La bande originale composée par Amaury Chabauty est un énorme coup de cœur ! J'adore le thème musical original Stéphanie et les arrangements de Where did you sleep last night? de Nirvana et Where is my mind? des Pixies dans des versions très douce enregistrées avec Les Petits Chanteurs à la croix de bois. I will survive, hymne de la coupe du monde de football, surprend dans un arrangement piano mélodique. On dirait que les paroles d'Un samedi soir sur la terre de Francis Cabrel ont été écrites sur mesure pour le duo Anthony & Steph, c'est une scène magnifique tellement attendue par les spectateurs.
Je suis certainement particulièrement touchée par la musique parce que j'avais le même Walkman jaune et gris Sony qu'Anthony 😉 C'est agréable de revivre les années 90 au travers de cette reconstitution via la musique et les habits de l'époque notamment.

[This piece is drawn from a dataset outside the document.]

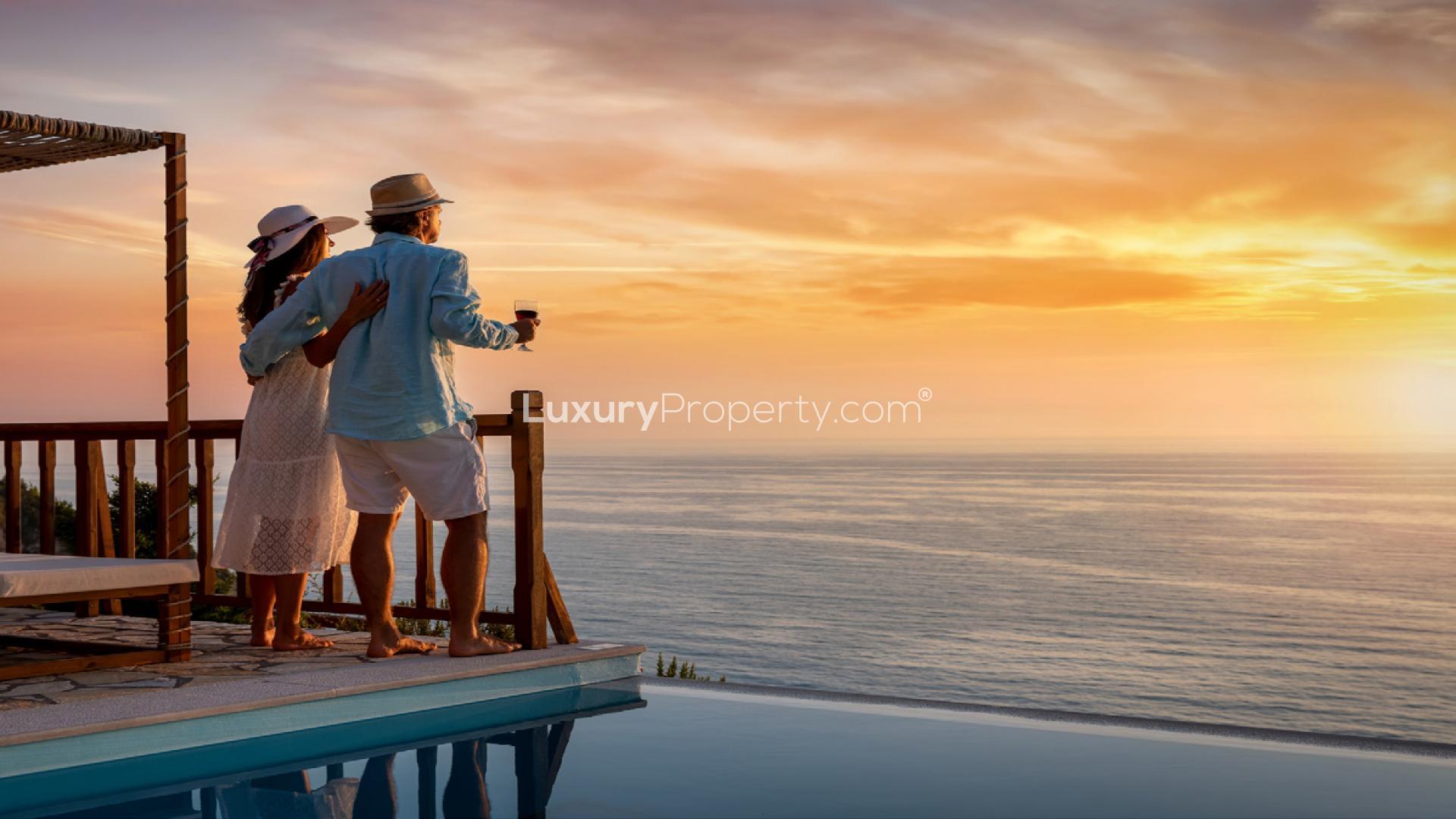 Couple enjoying sunset view from luxury apartment in Mina Rashid, overlooking the ocean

Le générique de fin se déroule sur Born to run du boss Bruce Springsteen. A la fin du livre, Anthony enfourche sa Suzuki à Heillange : "Ces mêmes impressions de soir d'été, l'ombre des bois, le vent sur son visage, l'exacte odeur de l'air, le grain de la route familier comme la peau d'une fille. Cette empreinte que la vallée avait laissée dans sa chair. L'effroyable douceur d'appartenir." Ce dernier plan cinématographique parvient à exprimer tous ces mots en images.
Les frères Boukherma, jumeaux réalisateurs âgés de 32 ans seulement, sont talentueux. On leur doit déjà Teddy avec Anthony Bajon en loup-garou et L'année du requin avec Marina Foïs et Jean-Pascal Zadi.
C'est toujours compliqué de voir adapter à l'écran un livre qu'on a beaucoup aimé, qui nous a fait découvrir un auteur dont on a lu toute l'œuvre ensuite.
L'adaptation est fidèle, les personnages sont forts, le suspense intense, les décors visuellement impactants (comme l'allée de box lieu de rendez-vous d'Hacine, les majestueux hauts fourneaux, le lac). Certaines scènes sont très fortes et impriment la rétine (par exemple, quand Anthony est face au miroir dans sa chambre avec le flingue - référence à Are you talking to me? -, le feu d'artifice rassemblant tous les résidents malgré leurs oppositions, la lumière de la lune éclairant le lac la nuit).
J'ai beaucoup aimé ce film pour la performance de tous ses acteurs, le scénario adapté, la musique et la mise en scène, mais je ne suis pas certaine qu'il me marquera aussi longtemps que le livre qui a été un choc en août 2020. Quand je le relirai, c'est certain qu'Anthony aura désormais les traits de Paul Kircher.